München: Opposition wettert gegen grün-rote Verkehrspolitik
München - Es braucht gerade einmal fünf Minuten, dann geht am Mittwoch im Stadtrat der Streit um den Verteilungskampf auf Münchens Straßen wieder los: FDP-Fraktionschef Jörg Hoffmann richtet sich mit einem dringenden Appell an die grün-rote Stadtratsregierung: "Hört bitte zumindest kurzfristig während der Corona-Pandemie auf, mit eurer autobezogenen Menschenfeindlichkeit. Stoppt diese Schikane jetzt!"
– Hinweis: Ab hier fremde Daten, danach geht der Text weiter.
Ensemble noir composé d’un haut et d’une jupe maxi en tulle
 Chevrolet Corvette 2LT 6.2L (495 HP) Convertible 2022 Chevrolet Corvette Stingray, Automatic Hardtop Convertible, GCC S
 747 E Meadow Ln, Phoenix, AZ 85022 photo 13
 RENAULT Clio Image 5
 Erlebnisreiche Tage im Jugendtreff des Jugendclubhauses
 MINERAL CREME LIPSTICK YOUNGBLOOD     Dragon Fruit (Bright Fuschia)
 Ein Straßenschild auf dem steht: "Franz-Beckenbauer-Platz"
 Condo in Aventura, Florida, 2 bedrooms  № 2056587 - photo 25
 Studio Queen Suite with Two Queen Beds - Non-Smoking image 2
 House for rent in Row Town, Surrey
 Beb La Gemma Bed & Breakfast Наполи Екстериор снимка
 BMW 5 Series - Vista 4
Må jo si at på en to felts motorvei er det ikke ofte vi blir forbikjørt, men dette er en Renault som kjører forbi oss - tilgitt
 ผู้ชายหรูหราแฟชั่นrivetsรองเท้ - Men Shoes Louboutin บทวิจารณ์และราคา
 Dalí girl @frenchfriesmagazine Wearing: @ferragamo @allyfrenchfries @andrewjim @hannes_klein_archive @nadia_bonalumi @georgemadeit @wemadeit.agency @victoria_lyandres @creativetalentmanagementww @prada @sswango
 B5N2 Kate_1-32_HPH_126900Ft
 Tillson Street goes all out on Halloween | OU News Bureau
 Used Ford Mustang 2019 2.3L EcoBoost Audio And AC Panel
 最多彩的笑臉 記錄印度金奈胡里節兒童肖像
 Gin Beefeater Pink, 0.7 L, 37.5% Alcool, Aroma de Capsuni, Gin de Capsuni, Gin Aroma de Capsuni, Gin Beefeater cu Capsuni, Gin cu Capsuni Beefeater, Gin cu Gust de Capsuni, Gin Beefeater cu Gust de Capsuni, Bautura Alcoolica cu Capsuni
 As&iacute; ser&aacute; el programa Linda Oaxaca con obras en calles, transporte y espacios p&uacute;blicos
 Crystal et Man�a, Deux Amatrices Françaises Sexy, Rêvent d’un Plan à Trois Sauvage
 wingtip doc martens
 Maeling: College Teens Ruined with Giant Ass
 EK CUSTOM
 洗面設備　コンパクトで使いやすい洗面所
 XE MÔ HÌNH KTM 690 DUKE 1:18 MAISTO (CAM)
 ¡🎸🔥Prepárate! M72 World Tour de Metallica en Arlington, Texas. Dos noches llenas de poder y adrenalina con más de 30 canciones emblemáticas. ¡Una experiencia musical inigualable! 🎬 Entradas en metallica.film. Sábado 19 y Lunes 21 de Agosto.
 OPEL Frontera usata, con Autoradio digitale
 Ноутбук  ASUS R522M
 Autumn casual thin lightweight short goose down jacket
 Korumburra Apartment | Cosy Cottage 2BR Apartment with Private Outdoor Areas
Hoffmann nimmt den Anlass dazu, auch generell auf den Tisch zu hauen – und die grün-rote Finanzpolitik zu kritisieren. Er weist auf die Warnung von Stadtkämmerer Christoph Frey (SPD) hin.
Denn der hat jüngst im Sparplan der Stadt darauf hingewiesen, dass aktuell nur noch in "begründeten Ausnahmefällen" Geld für Vorkaufsrechte da sei. "Im Juni und Juli habt ihr aber trotzdem ständig alle Vorkaufsrechte durchgezogen", schimpft Hoffmann. "Das ist einfach eine falsche Priorität. Wir brauchen Geld für frische Infrastruktur und nicht alte Häuser zu überteuerten Preisen."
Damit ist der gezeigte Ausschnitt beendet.